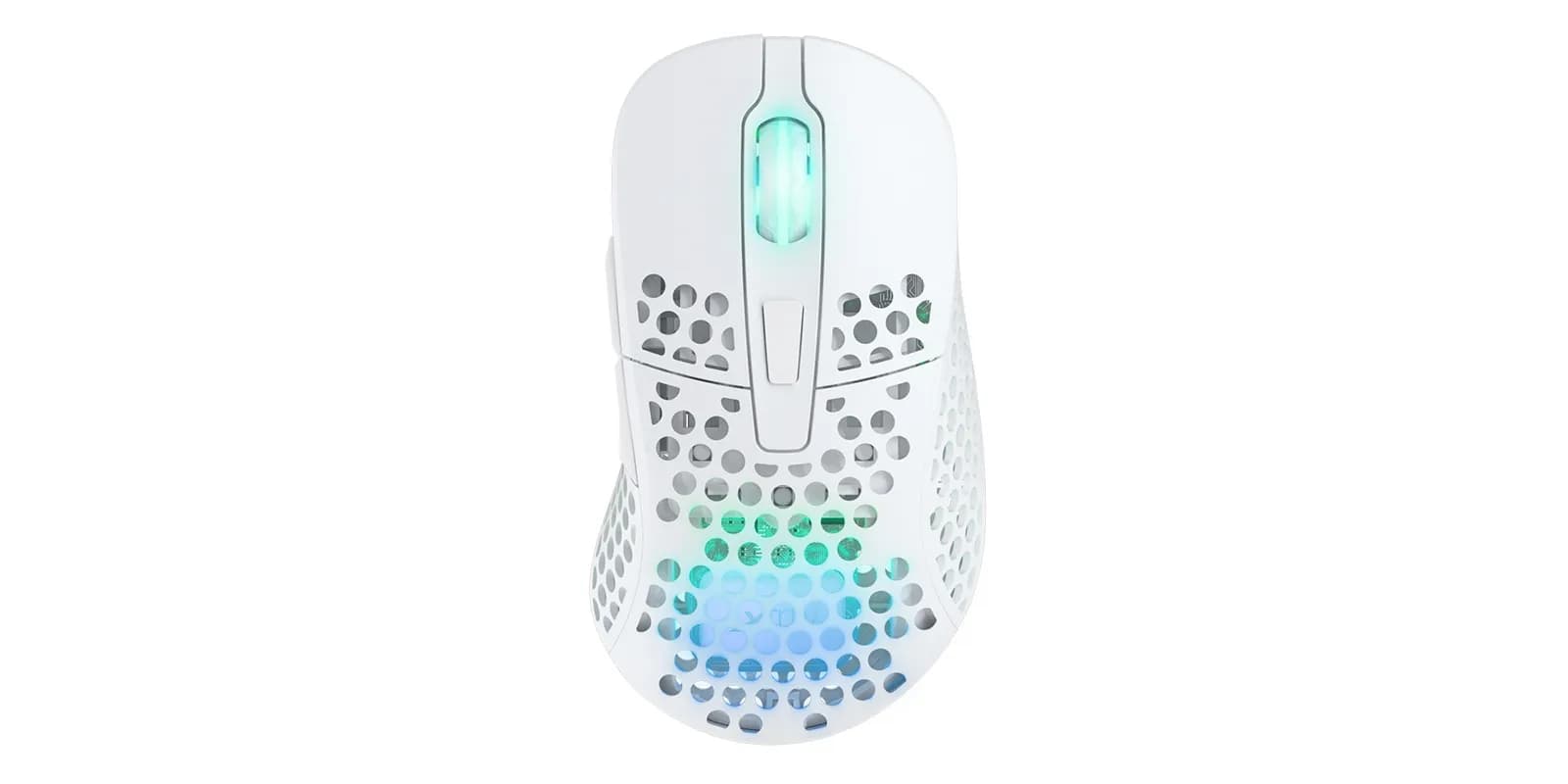 Xtrfy M4 -langaton pelihiiri, valkoinen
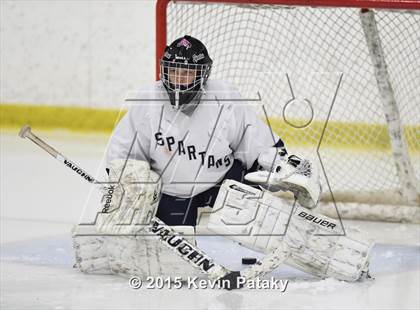 Thumbnail 1 in Woodstock Academy vs. Shepaug/Litchfield/Nonnewaug (CIAC D3 Quarterfinal) photogallery.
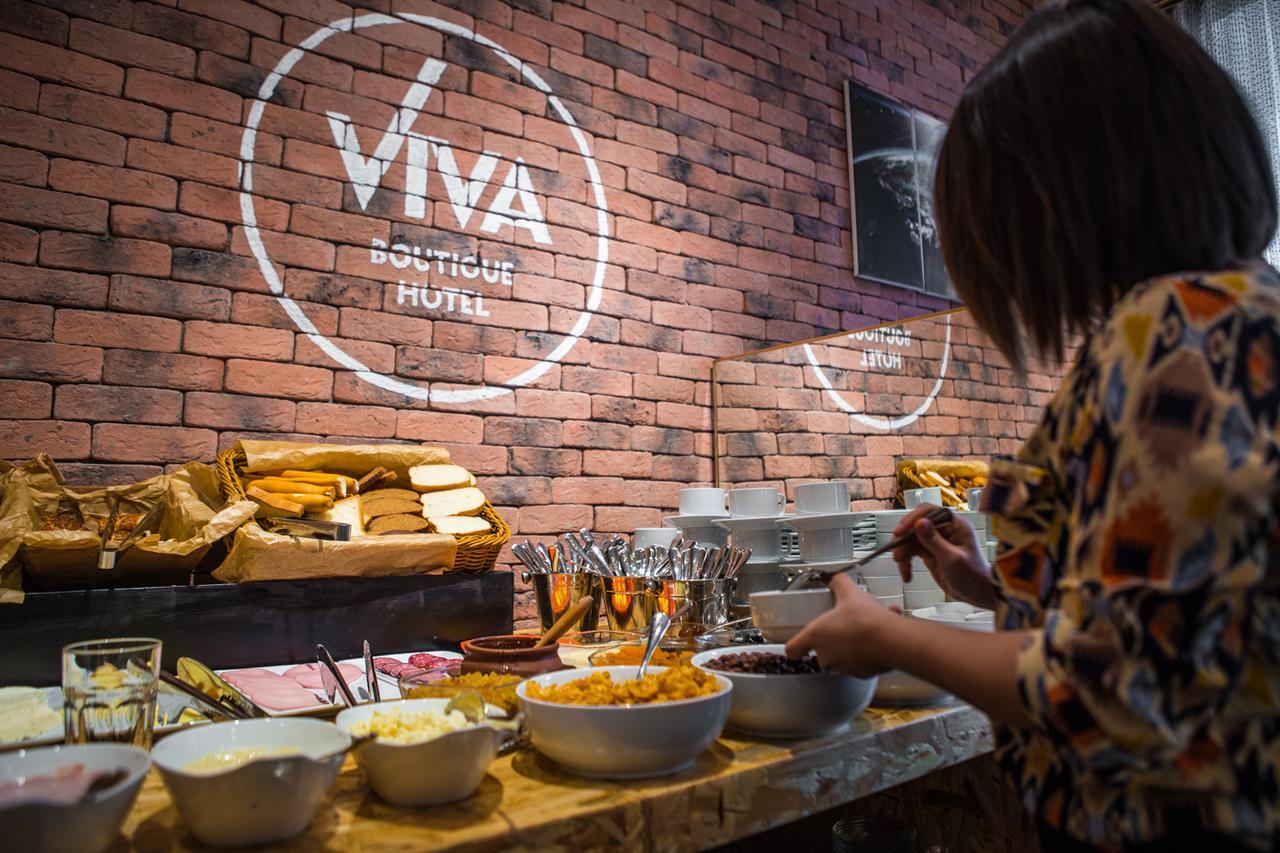 Viva Boutique Hotel Bakoe Buitenkant foto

◆ **BRIEF**:
Only the text of the listing should be returned, exactly and in full; no image goes into the copy.

◆ **RESULT OF THE TASK**:
 Xtrfy M4 -langaton pelihiiri, valkoinen
 Thumbnail 1 in Woodstock Academy vs. Shepaug/Litchfield/Nonnewaug (CIAC D3 Quarterfinal) photogallery.
 Viva Boutique Hotel Bakoe Buitenkant foto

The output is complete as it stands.